The first reason is the possibility of a denial-of-service attack on a bitcoin node. Suppose the scripting language were powerful enough to build a program that never terminates. When a transaction containing such a script is validated by a node, it starts the scripting engine to validate the transaction and gets stuck in an infinite loop, thus blocking at least one thread forever. Even worse, a very powerful and complicated scrip could leverage errors in the implementation of the scripting engine and so malicious code could be injected into a bitcoin node as part of a transaction. Thus, from a security point of view, it makes sense to place some limitations on the set of allowed scripts.
However, there is another, more subtle reason which is a consequence of the fact that, if a bitcoin transaction is signed, the signature script is not part of the data to which the signature is actually applied, as we will see in a later post.

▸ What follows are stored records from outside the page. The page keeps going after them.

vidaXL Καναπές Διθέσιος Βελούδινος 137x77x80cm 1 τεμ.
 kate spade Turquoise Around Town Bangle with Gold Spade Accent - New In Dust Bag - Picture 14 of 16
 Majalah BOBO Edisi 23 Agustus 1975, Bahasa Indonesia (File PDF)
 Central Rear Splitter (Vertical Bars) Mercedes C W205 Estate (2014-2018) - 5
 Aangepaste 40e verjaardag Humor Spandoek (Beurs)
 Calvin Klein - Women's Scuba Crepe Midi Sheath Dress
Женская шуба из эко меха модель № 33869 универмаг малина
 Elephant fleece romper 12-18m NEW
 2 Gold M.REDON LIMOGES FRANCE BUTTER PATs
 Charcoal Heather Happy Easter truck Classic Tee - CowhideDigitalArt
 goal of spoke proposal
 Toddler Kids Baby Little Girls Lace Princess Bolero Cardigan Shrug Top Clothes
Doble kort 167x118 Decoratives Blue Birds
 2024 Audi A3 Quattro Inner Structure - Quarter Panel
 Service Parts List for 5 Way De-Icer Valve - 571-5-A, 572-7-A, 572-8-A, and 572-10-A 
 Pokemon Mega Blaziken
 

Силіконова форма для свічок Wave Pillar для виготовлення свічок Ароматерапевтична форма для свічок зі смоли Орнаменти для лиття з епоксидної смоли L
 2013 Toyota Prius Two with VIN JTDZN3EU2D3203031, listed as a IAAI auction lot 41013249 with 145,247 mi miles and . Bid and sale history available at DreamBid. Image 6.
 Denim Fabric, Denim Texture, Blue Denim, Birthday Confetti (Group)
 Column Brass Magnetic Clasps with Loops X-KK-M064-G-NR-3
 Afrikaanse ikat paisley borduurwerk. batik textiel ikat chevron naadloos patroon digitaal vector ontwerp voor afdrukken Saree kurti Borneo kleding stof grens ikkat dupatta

To illustrate why this could be a problem, suppose Alice owes Bob 50 bitcoins and makes a corresponding payment. So she would assemble a transaction – let me call that A – and sign it with her private key. She would then publish that transaction in the network. For bookkeeping purposes, her wallet would probably remember the ID of the transaction. By convention, the ID of a bitcoin transaction is simply its hash value.
Bob could now try the following attack. He could obtain the transaction from the network before it is added to a block, change its signature script by adding some code to the script that essentially does nothing, and publish that transaction as transaction B, as indicated below.
If the new, updated signature script is functionally equivalent to the script contained in A, both transactions would be valid. Moreover, both refer to the same unspent transaction output. However, as they have different signature scripts, they have different hash values and therefore different transaction IDs.
What Bob is hoping for is that the manipulated transaction B created by him is picked up by a miner first and added to a block. Bob would then obtain the bitcoin payment. However, Alice transaction A would be rejected due to double spend! Therefore Bob could now approach Alice and claim that he never received the payment. If Alice checks the status of the transaction ID that she knowns – that of transaction A – she would in fact learn that the transaction has been rejected by the network. In the worst case, she would feel obliged to initiate another payment, and Bob would receive the amount twice.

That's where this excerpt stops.